Looking at world leaders, I often wonder when they decided to become political figures. It all seems so natural to them – decision-making, media coverage, public attention; but try to imagine them as children or teenagers, making the first steps towards a public career. Was Winston Churchill always so determined? Was Barack Obama a cautious child? Was Yitzhak Rabin an individualist, the boy who is never quite part of the group? Only rarely are we given the opportunity to follow the process of a person becoming a leader, overcoming profound psychological obstacles as he or she evolves into a prominent historical figure.
Golda Meir (1898-1978) had a brilliant political career, at a time when it was most unusual for women. She was elected Prime Minister of Israel in 1969, after serving as Minister of Labor and Foreign Minister. Only the third woman in the world to hold this office, she was perceived as a tough lady. David Ben-Gurion, the first Prime Minister of Israel, used to say she was “the best man in the government”; others called her “the grandmother of the Jewish people”.
She wrote an autobiography, titled My Life, a treasure for students of Zionism. I find its most interesting part to be the first-hand description of her youth, and in particular, that turning point in her life when she made up her mind to pursue a public career.
Golda was born in Kiev, then a part of the Russian Empire. Her father was a carpenter and her mother a wet-nurse. Poverty and anti-Semitism dominated her early childhood: she and her sister Sheyna often wondered if they would have food for supper. The only toy she had ever seen was a bundle of rags called a ‘ball’.
Since the family was unable to survive, Golda’s father traveled to America, and two years later she and her mother and sister followed him, undergoing a frightful and exhausting journey. When they arrived, her father took them to an apartment he had rented in one of the poorer neighborhoods of Milwaukee.
In her first days in the United States she was ecstatic, “I remember enviously watching a little girl of my own age dressed up in her Sunday best, with puffed sleeves and high-bottom shoes, proudly wheeling a doll that reclined grandly on a pillow of its own … It was all completely strange and unlike anything that I had seen or known before, and I spent the first days in Milwaukee in a kind of trance”.
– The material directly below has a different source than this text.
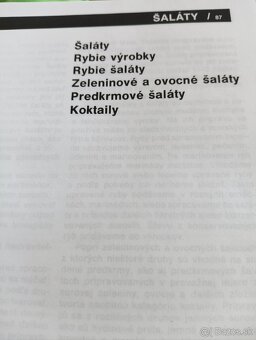 Konrád Kendík: Receptúry studených pokrmov - 8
Golda began attending elementary school. For the first time in her life she made friends with non-Jewish children. Gradually she adopted the American values and life style, sometimes to the dismay of her parents. After concluding elementary school, at the age of fourteen, she was eager to continue her education. Yet her parents objected fiercely, ignoring her arguments and tears: she must marry, and they were looking for a match. At most she would be allowed to work in a family-run grocery store, or study typing or bookkeeping, so she won’t turn into “an old maid”. But Golda, the woman who would later be a Prime Minister, secretly got on a bus and travelled to her sister in Denver, running away from home. Only a year later did she return to live with her parents.
By this time Golda was already an ardent Zionist. She felt Jewish communities in America should take a more active role in fulfilling the Zionist ideals. With courage and chutzpah, she decided that during the High Holidays she would stand on a soapbox near the synagogue and give a speech on Zionism.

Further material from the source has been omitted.